Segment Start: Data under study

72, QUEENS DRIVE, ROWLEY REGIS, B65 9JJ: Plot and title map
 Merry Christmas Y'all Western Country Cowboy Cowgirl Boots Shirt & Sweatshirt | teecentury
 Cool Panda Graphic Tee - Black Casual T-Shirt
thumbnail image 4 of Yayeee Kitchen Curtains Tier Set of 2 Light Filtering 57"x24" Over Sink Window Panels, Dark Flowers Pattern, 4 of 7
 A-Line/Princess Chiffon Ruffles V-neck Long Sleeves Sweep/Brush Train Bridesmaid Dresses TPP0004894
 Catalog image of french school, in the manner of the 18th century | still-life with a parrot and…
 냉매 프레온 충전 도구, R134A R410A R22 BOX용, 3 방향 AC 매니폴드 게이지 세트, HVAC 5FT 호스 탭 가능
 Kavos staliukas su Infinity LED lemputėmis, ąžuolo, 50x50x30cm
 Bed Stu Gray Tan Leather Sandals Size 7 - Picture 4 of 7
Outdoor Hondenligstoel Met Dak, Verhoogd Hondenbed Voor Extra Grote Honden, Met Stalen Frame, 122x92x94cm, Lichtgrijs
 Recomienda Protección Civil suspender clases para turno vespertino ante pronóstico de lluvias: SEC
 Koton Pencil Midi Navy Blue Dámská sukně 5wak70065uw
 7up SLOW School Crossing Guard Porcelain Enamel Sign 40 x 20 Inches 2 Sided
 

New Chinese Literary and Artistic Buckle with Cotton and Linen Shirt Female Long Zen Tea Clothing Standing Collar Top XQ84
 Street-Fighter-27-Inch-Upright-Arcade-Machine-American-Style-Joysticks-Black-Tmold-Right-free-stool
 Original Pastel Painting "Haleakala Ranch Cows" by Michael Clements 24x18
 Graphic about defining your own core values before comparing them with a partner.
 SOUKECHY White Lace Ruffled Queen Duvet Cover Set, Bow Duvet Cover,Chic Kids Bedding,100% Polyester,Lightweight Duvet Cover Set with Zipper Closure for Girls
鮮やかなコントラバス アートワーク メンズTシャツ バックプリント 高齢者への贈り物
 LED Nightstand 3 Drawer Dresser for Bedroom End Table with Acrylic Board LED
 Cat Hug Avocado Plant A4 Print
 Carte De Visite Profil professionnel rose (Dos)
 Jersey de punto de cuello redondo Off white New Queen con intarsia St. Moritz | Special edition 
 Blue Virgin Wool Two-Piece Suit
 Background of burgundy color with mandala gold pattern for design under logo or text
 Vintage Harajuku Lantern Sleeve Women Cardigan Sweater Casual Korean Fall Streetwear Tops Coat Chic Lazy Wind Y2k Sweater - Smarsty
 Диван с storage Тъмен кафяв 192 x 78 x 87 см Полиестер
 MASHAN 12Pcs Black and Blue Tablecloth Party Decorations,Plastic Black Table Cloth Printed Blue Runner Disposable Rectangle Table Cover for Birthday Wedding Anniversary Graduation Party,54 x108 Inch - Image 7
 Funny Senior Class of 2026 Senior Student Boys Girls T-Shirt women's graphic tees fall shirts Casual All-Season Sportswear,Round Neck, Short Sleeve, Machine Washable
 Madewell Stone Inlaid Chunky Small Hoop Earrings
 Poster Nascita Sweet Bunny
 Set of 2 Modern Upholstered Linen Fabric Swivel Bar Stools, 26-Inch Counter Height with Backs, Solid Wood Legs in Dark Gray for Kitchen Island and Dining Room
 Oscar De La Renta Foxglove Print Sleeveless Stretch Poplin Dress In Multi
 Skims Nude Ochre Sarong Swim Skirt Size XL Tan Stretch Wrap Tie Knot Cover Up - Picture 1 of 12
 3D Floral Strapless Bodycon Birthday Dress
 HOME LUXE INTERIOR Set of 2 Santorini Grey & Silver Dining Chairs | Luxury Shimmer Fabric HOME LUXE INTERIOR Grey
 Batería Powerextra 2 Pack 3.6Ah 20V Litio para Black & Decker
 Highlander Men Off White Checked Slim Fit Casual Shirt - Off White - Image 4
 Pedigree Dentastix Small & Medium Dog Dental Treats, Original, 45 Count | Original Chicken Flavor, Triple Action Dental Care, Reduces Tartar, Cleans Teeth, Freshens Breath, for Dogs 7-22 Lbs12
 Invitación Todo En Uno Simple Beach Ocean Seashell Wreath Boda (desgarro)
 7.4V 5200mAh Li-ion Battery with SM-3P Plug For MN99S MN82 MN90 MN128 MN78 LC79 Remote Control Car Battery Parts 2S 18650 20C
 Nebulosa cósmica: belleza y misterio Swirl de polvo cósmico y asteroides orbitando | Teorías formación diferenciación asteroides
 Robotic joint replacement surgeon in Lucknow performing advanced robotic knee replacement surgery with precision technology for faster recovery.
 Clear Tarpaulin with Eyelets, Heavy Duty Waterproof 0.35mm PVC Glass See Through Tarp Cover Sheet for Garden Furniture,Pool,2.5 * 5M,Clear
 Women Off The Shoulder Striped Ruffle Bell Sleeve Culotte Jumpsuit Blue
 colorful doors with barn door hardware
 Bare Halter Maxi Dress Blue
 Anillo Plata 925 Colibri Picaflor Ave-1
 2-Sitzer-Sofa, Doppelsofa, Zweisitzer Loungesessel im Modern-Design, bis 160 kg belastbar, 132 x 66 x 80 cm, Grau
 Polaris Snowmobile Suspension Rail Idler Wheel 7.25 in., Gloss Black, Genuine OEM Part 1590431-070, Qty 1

Segment End: Data under study

Problem statement
Among the entries above, find the line with "MASHAN 12Pcs Black" and the line with "Poster Nascita Sweet Bunny"; give again exactly these two lines and all lines between them.

Final answer
 MASHAN 12Pcs Black and Blue Tablecloth Party Decorations,Plastic Black Table Cloth Printed Blue Runner Disposable Rectangle Table Cover for Birthday Wedding Anniversary Graduation Party,54 x108 Inch - Image 7
 Funny Senior Class of 2026 Senior Student Boys Girls T-Shirt women's graphic tees fall shirts Casual All-Season Sportswear,Round Neck, Short Sleeve, Machine Washable
 Madewell Stone Inlaid Chunky Small Hoop Earrings
 Poster Nascita Sweet Bunny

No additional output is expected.